I have a few questions I hope you can clarify:

  1. Applying weights: When using .cool/.mcool files, does fanc compare automatically apply weights?
  2. Scaling matrices: For matrices that have undergone KR balancing (where the sum of any given row equals the sum of any given column, and this constant is uniform across all rows and columns), is it a prerequisite to scale matrices to the same number of pairs before using fanc compare? Does this requirement also apply to ICE-balanced matrices?
  3. Visualizing zero-pair regions: When visualizing the resulting matrix with fancplot, is there a way to exclude regions with zero pairs from being colored by the colormap? In the attached PDF, it appears that regions without pairs are assigned a value of 0.
    fancplot \
    -o "pdfs/2023-0929/${m_Q2}_XII-1-800000.pdf" \
    "XII:1-800000" \
    -p square \
    --title "${res} bp, XII:1-800000" \
    -s 0 \
    -c "coolwarm" \
    "${d_out}/${m_Q2}"

log2_Q-over-G2_6400_XII-1-800000.scale.pdf

I appreciate your time and assistance. Thanks, Kris

kaukrise commented 1 year ago

Hi, thank you for your message.

  1. I presume you mean the bias vector - in that case, yes, it is automatically applied. To turn it off, you can use the -u parameter.
  2. First of all, ICE and KR balancing should give highly similar results, so this applies to both methods: if the matrices are already scaled to the same number of contacts per chromosome (this includes a transformation into contact probabilities), then there is no need to do additional scaling. In FAN-C, KR and ICE balancing do this by default (-S would be recommended); last time I checked, Juicer restored the original number of contacts (so scaling would be necessary); I don't know what Cooler does, however - you would need to consult their docs.
  3. "Unmappable" regions (with 0 contacts) are filtered out in FAN-C using the mappability vector, and coloured grey in the matrix. In Juicer we rely on NaN entries in the bias vector to do the same, but we have not implemented anything similar for Cooler files. What does the bias vector look like in those regions? Is it NaN or 0? Or does it contain a positive, finite value?
kalavattam commented 1 year ago

Thank you for taking the time to address my questions. In light of your explanations and the program's detailed documentation, I opted to convert my raw .cool files to FAN-C .hic files. Working with .hic files, in this case, seems to offer a more straightforward path to achieving my objectives.

For point 3 above, I have sought clarification here; for point 2 above, here. Thank you again—closing the issue now.

kalavattam commented 1 year ago

Response from Nezar to point 2:

By default, cooler rescales the target matrix (whole genome by default, or each chromosome for cis-only balancing) to make the marginal sums = 1.

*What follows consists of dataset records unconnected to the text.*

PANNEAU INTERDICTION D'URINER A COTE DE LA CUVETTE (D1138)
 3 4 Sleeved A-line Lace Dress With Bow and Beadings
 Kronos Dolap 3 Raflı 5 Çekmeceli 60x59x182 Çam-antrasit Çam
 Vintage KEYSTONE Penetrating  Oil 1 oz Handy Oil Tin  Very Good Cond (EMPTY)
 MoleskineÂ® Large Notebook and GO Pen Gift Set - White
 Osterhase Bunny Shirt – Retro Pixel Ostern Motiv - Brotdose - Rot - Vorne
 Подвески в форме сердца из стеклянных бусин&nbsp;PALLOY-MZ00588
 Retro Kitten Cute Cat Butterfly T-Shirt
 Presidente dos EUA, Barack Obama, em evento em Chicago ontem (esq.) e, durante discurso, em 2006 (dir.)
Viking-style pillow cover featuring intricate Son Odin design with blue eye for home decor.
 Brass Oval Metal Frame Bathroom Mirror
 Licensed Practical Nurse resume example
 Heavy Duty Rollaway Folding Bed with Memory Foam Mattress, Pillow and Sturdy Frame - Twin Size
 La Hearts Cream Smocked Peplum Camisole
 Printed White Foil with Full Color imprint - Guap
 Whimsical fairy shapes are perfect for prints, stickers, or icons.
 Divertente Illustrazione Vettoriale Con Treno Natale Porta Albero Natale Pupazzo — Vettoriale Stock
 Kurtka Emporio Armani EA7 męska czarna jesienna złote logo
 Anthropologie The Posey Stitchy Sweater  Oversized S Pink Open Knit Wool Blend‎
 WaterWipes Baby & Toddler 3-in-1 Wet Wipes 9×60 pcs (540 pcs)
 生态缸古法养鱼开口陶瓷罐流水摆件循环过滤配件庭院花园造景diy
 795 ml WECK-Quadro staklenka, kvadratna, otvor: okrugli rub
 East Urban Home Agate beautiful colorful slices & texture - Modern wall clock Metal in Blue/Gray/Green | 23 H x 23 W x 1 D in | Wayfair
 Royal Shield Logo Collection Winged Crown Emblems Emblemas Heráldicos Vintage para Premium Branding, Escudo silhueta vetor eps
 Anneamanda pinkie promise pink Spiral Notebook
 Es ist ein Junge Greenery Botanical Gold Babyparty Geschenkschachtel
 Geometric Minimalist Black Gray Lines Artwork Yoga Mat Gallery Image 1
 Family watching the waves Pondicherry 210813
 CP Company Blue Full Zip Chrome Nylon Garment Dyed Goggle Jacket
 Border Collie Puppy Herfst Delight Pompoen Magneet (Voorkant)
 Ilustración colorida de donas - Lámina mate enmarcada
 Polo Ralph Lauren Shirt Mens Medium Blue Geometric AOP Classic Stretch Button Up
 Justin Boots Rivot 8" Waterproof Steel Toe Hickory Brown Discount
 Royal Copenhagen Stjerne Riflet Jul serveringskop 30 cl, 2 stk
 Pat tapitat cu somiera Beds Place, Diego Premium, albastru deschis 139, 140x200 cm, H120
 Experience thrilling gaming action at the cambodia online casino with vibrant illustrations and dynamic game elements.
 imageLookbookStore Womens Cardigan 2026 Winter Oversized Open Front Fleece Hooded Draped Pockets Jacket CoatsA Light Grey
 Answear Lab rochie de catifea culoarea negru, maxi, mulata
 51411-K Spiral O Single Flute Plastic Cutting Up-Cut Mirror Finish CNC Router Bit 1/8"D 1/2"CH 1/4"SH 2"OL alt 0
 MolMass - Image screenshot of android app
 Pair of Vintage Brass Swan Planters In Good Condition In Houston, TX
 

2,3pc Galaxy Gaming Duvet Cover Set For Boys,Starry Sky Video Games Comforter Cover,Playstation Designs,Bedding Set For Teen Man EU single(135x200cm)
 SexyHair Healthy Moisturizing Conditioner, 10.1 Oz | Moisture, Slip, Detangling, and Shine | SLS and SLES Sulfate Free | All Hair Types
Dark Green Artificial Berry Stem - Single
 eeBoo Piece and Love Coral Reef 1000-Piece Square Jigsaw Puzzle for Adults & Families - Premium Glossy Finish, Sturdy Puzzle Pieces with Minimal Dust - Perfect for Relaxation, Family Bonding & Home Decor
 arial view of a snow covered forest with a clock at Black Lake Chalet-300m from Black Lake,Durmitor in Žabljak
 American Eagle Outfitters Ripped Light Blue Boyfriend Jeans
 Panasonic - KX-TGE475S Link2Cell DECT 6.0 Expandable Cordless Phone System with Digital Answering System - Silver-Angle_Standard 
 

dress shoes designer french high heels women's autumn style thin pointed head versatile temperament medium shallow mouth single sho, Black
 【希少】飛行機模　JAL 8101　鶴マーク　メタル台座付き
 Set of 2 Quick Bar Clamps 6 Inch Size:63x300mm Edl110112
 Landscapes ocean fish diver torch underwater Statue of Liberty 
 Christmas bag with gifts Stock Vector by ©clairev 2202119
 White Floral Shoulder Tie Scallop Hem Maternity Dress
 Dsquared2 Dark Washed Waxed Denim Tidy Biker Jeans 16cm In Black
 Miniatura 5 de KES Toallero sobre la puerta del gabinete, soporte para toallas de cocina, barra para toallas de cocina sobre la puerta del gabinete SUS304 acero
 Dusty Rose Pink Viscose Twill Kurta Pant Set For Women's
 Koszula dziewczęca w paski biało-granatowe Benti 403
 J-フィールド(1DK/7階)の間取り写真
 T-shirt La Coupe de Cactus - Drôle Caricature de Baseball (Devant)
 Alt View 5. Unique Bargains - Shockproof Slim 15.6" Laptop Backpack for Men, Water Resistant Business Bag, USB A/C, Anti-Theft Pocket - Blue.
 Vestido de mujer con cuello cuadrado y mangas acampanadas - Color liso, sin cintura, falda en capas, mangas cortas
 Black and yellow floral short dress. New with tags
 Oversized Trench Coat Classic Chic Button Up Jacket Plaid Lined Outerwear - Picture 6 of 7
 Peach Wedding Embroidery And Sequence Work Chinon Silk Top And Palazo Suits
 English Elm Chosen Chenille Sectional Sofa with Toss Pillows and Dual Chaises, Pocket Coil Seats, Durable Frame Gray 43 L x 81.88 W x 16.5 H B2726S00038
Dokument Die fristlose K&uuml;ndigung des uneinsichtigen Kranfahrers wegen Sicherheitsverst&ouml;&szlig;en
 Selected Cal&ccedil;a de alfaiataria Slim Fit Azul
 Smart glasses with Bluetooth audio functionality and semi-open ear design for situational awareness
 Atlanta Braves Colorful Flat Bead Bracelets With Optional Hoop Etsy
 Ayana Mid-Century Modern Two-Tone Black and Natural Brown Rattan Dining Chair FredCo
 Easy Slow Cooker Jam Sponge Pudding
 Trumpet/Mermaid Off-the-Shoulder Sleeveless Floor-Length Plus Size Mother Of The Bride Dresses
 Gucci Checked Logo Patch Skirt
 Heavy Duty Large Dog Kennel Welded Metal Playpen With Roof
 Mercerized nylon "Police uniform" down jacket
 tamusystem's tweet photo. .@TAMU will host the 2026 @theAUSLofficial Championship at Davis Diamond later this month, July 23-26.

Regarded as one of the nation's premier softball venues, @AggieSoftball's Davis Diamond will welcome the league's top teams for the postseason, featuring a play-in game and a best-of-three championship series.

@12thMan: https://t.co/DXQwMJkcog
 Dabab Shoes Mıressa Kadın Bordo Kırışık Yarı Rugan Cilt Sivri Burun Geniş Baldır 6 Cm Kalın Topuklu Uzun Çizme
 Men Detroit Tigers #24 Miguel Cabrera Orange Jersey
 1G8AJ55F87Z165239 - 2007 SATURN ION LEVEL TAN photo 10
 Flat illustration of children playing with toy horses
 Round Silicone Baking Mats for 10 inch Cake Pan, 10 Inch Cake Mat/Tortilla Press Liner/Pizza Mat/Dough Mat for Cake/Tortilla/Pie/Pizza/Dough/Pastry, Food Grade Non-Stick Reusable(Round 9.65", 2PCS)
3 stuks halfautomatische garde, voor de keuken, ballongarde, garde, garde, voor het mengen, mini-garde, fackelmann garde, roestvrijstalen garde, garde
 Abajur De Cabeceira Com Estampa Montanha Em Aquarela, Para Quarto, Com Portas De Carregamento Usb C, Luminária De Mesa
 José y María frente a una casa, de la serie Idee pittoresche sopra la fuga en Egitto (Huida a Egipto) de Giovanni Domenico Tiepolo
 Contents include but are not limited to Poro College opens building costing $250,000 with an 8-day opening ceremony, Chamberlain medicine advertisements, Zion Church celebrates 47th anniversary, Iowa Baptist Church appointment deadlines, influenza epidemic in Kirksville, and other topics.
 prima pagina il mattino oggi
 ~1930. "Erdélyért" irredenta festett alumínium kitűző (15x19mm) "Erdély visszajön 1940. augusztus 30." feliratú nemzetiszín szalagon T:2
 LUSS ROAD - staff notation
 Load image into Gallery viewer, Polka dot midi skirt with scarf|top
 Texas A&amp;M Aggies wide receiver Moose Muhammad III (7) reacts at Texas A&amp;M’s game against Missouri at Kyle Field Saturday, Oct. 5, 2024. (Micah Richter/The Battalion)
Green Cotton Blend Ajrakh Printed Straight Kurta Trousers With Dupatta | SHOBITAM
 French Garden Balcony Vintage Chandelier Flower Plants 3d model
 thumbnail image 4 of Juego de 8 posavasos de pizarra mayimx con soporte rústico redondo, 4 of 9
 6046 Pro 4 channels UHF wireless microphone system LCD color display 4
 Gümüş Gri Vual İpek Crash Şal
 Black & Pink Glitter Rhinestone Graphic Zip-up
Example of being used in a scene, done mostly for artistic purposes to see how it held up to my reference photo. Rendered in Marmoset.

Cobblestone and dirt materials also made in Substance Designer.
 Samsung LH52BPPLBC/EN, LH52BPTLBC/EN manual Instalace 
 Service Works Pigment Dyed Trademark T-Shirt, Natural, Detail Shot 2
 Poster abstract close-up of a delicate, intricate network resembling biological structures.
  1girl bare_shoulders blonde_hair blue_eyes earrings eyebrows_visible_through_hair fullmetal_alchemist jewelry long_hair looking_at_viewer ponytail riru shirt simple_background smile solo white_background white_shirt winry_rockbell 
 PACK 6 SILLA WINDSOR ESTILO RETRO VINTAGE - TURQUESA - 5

This can be turned off with the rescale_marginals option in balance_cooler; however, we also store the original scaling factor in the metadata attributes of the weight vector:

with clr.open("r") as f:
scale = f["bins/weight"].attrs["scale"]

This scaling factor corresponds to the marginal sum of the target matrix at the end of balancing which is roughly corresponds to its average read coverage. If desired, you can restore this scale factor by multiplying a balanced matrix by scale or equivalently by multiplying the balancing weight vector by sqrt(scale). For a log2-ratio though, you don't want your contact frequencies to be proportional to coverage.

Response from Nezar to point 3:

Regions with 0 contacts are normally masked out for matrix balancing (the algorithm would never converge if they were kept). Masked/filtered bins are normally encoded as NaN in the weight vector, which will "NaN-out" the corresponding row/column of the matrix when the weights are applied (B_ij = w_i w_j A_ij).